Could you please try again with 6.8-20201005220043+0000?

If it fails the same way, please reach out to me on the community slack, we could do a pairing session to understand what's happening as I understand you can't share your full project here.

@ZacSweers I tried to reproduce by creating a build. You can find it at https://github.com/eskatos/kt-1.4-zac-issue

It works for me with both Gradle 6.6 that embeds Kotlin 1.3 and Gradle 6.8 nightly that embeds Kotlin 1.4.
I added you as a collaborator of the repo in case you find out what the difference is with your build and want to enhance the reproducer project.

I used https://services.gradle.org/distributions-snapshots/gradle-6.8-20201007220043+0000-bin.zip

Kotlin Team announced new release cycle for Kotlin with regular 6 month releases:
https://blog.jetbrains.com/kotlin/2020/10/new-release-cadence-for-kotlin-and-the-intellij-kotlin-plugin/#commento-login-box-container

What does it mean for Gradle and Kotlin DSL? Would be great to hear some official plans from Gradle team.

Should we expect that Gradle releases would always include latest stable version of Kotlin or maybe it would be possible to update it manually (with no warranty of work of course)

The embedded Kotlin has been upgraded to 1.4.10 for Gradle 6.8.

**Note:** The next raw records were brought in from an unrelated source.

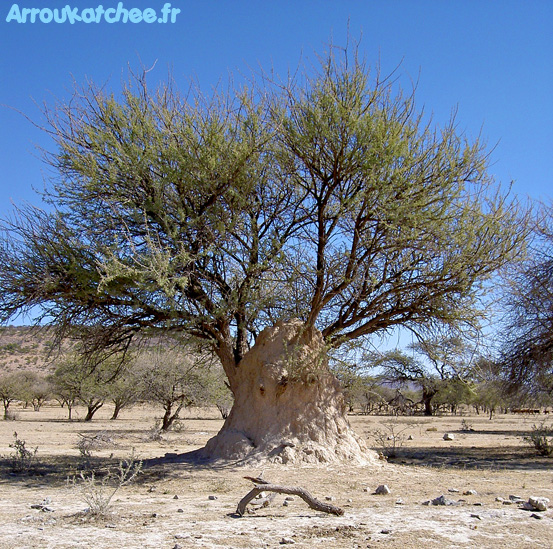 termitire namibie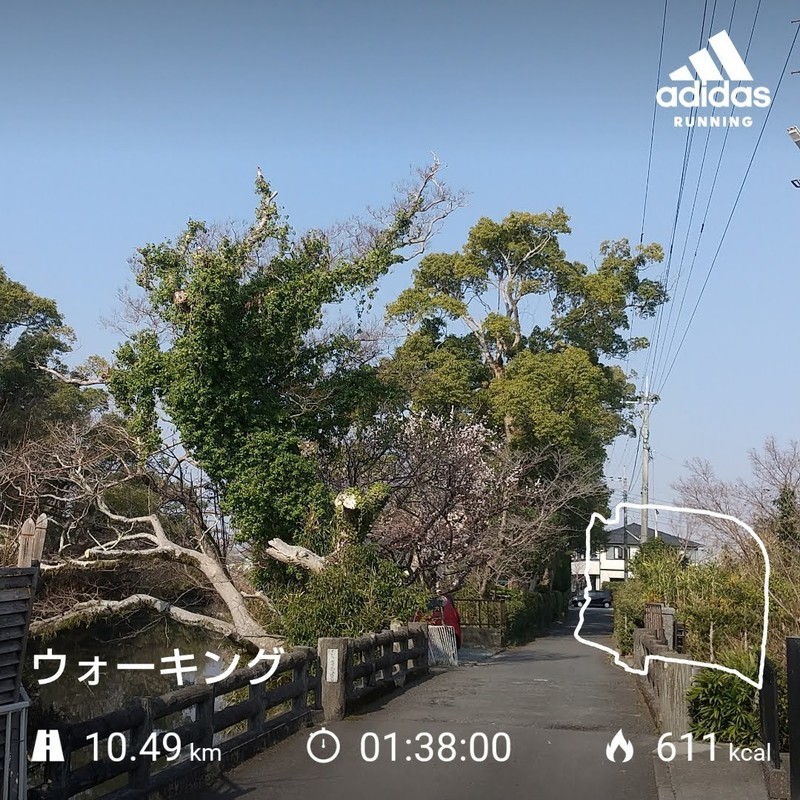 f:id:k-surf:20220309143547j:plain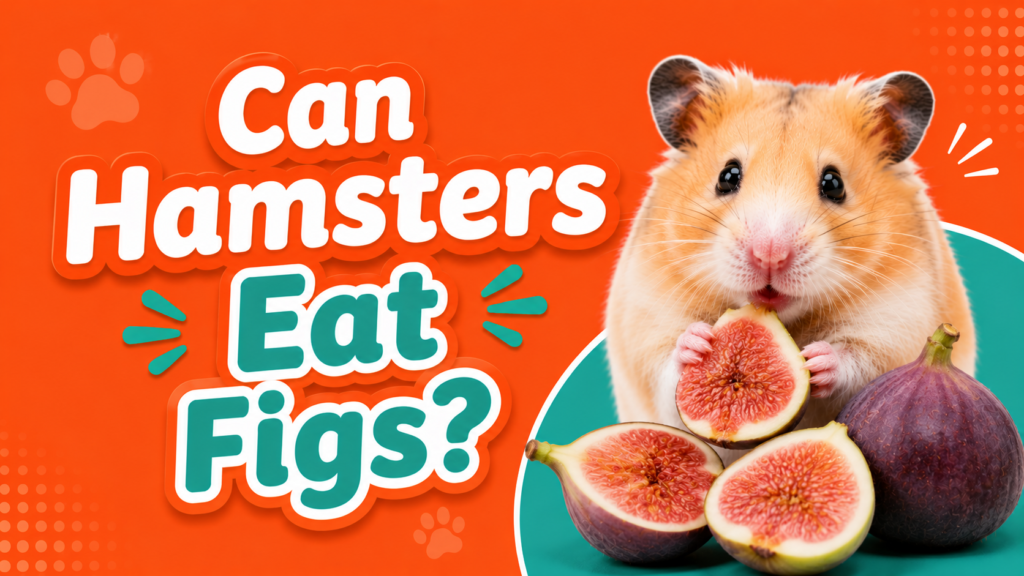 Can Hamsters Eat Figs?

The problem reported by Zac mentioned above has been fixed.
Note that 6.8-milestone-1 doesn't have the fix for that problem.

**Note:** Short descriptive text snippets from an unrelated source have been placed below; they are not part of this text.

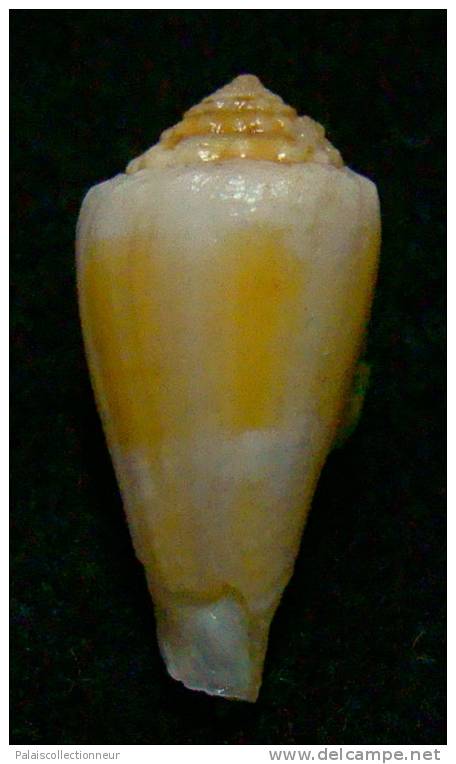 N°2815 //  CONUS  EXIGUUS  SPECIE  " Nelle-CALEDONIE "  //  F++  :  20,4mm  //   RARISSIME   . - Seashells & Snail-shells
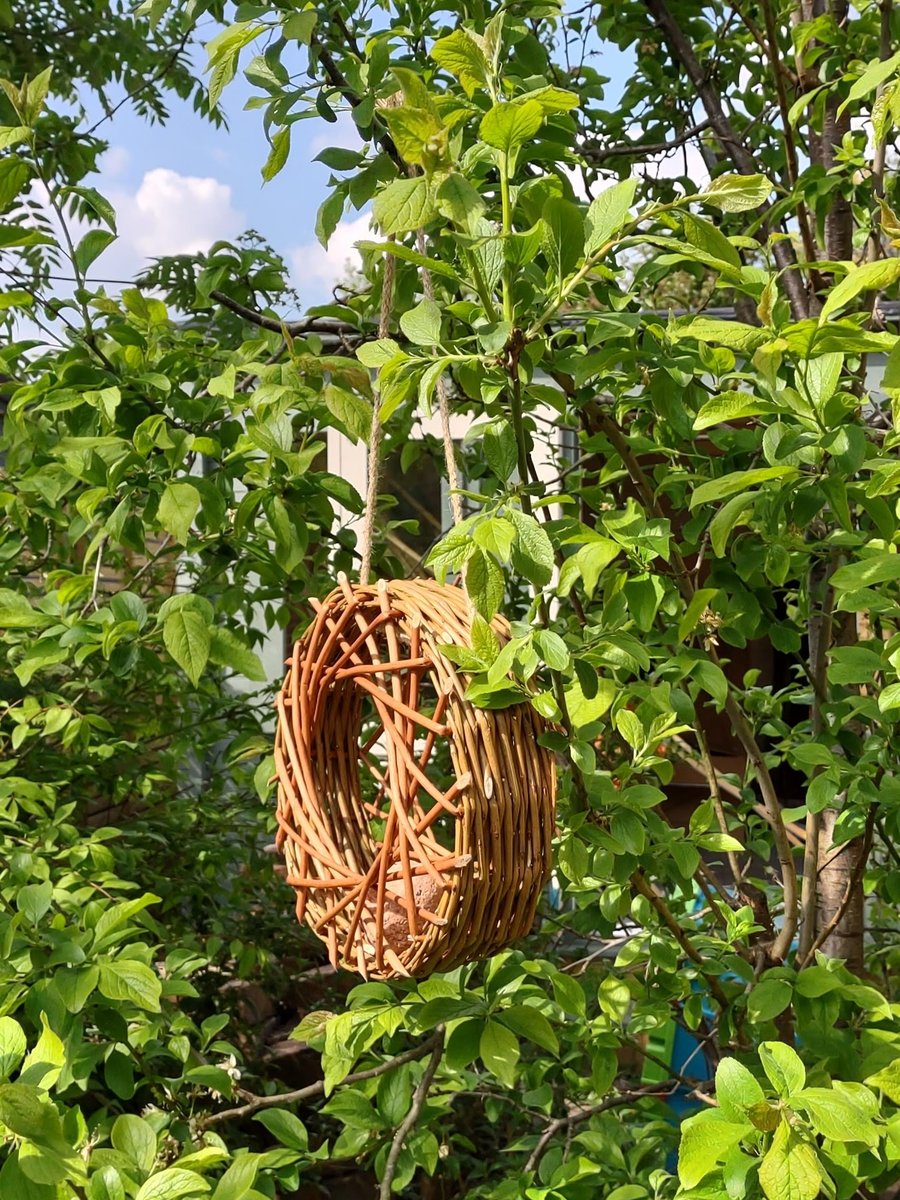 Willow bird feeder for a window or tree, bird food and postage included.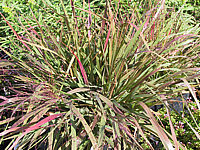 Klicken Sie auf die Vorschau, um das Vollbild zu sehen Eragrostis%20spectabilis%202.JPG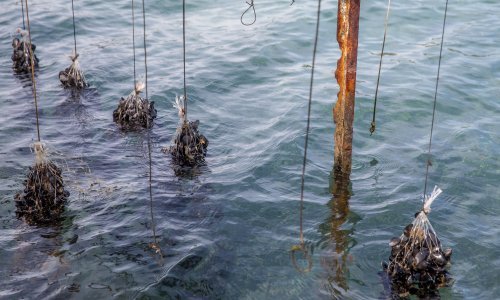 Veliki pomor dagnji u Malostonskom zaljevu: 'Nikad nisam ni čuo za to'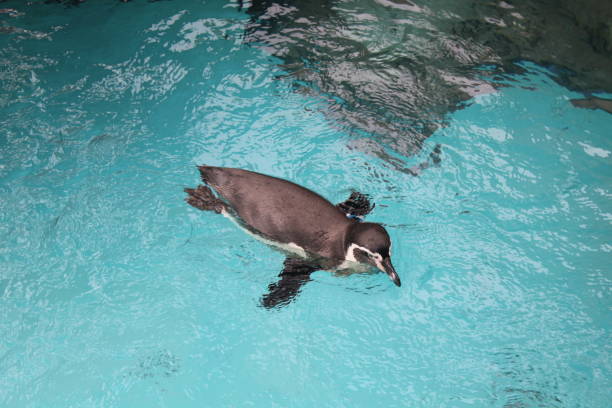 A Humboldt Penguin swimming around in the water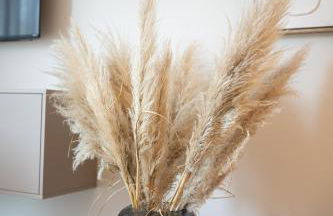 Stay Boardinghouse - Foto 15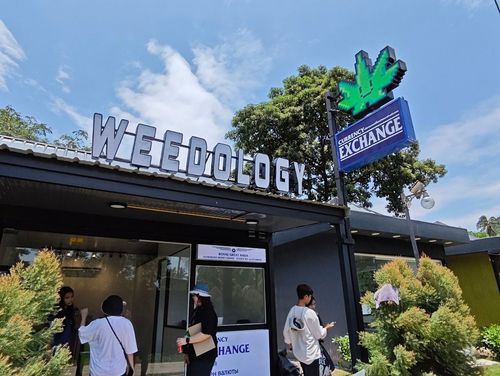 Weedology Cannabis Culture Railay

You can test using 6.8-20201015220041+0000.

Note that .gradle.kts scripts still use API and language 1.3. They will be updated to 1.4 in Gradle 7.0, see https://github.com/gradle/gradle/issues/14888

@gildor it doesn't change much. Upgrading the embedded Kotlin will still be a case by case decision following our backwards compatibility policy depending on the content of the Kotlin rolling releases.